DoL Loses Effort to Recoup Plan's 'Lost Opportunity Costs'

July 11, 2007 (PLANSPONSOR.com) - A federal judge in Michigan has blocked regulators' efforts to force the former trustee of a profit-sharing plan to pay $257,435 in "lost opportunity costs" incurred when the trustee dipped into the plan for collateral for a corporate loan.

U.S. District Judge Gordon J. Quist of the U.S. District Court for the Western District of Michigan ruled that lawyers for the U.S. Department of Labor (DoL) had no proof ex-trustee Roger Kropf would have reallocated the plan assets to avoid the eventual decline in the plan portfolio from $687,218 to $412,000 between 1999 and 2001.

The suggestion that Kropf’s withdrawing of the plan assets robbed the plan of the chance for a reallocation ahead of the decline is why the DoL lawyers had asked Quist to order Kropf to pay the additional prejudgment interest, according to Quist’s ruling. The government’s demand also came despite Kropf’s having eventually paid the plan back about $500,000 from life insurance proceeds after his brother’s 2001 death.  

Kropf was charged with using the plan assets as collateral for a $570,000 loan for the company Kropf Orchards and Storage.
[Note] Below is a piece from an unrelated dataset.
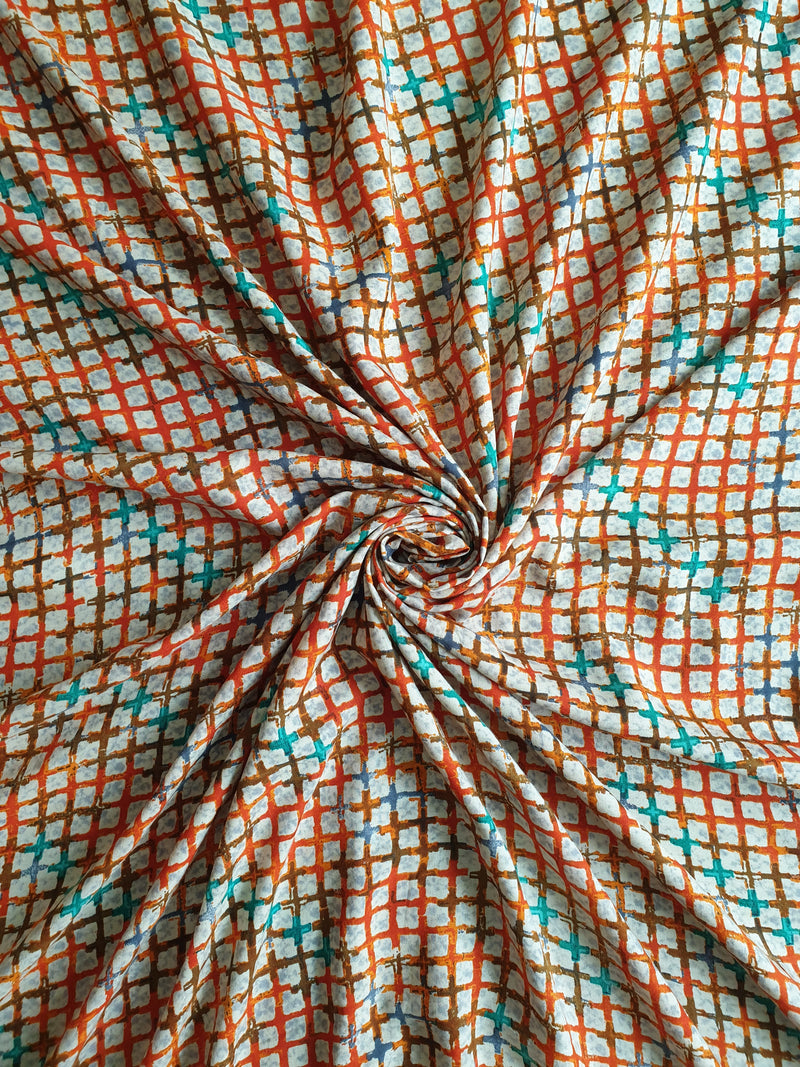 Multi Colour Geometrical Print Rayon Fabric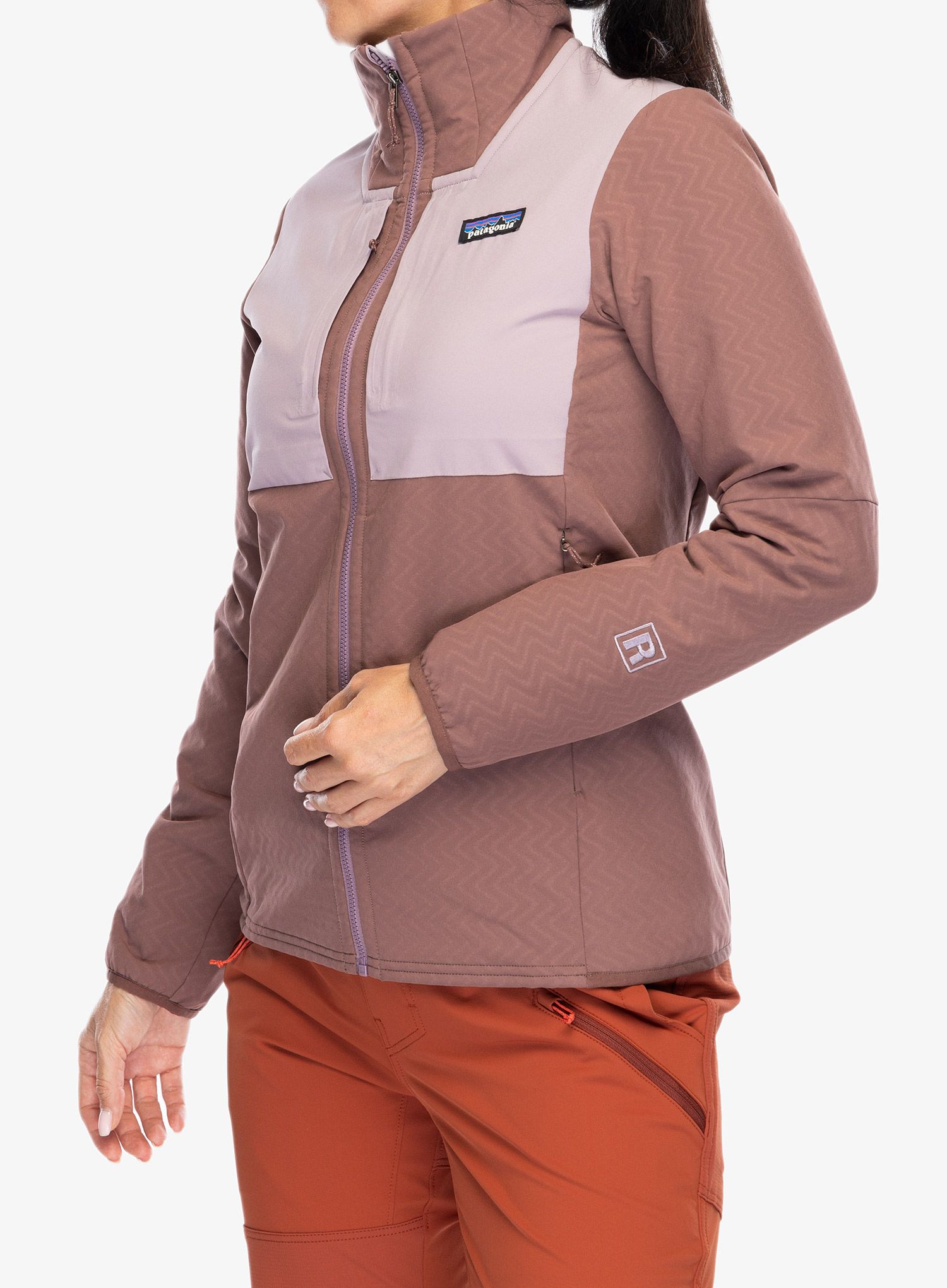 Softshellová bunda dámská Patagonia R2 CrossStrata Jacket - dulse mauve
“(DoL) speculates that had the assets not been transferred out of the Plan, Roger Kropf, as the trustee, would have transferred the assets to a more profitable investment to prevent the diminution in value,” Quist wrote in the ruling. “At a minimum, (DoL) is claiming that the Plan lost the opportunity to reallocate or reinvest its assets to minimize its losses from the drop in value of the securities. However, the question of whether the Plan would have done so is speculative.”

Kropf had also paid the plan $275,218 as part of plea bargain agreement in which he pleaded guilty to a criminal charge of one count of filing a false pension statement. The money represented the difference between the value of the securities in the plan at the time the securities were transferred in 1999 for Kropf’s corporate loan and the value of the securities when returned to the plan in 2001, according to Quist.

Quist granted DoL’s motion for a permanent injunction barring Kropf from serving as a fiduciary to any Employee Retirement Income Security Act (ERISA) benefit plan.

Kropf had argued to Quist that he should not be ordered to pay the prejudgment interest to the plan because he had already paid the difference in the value of the securities as part of the criminal case plea bargain.

Kropf also contended that the plan repayment not only returned the plan to the position it was in prior to the fiduciary breach, but possibly placed it in a better position because the securities had diminished in value, according to the ruling.

The case is Chao v. Kropf, W.D. Mich., No. 1:05-CV-845, 7/9/07.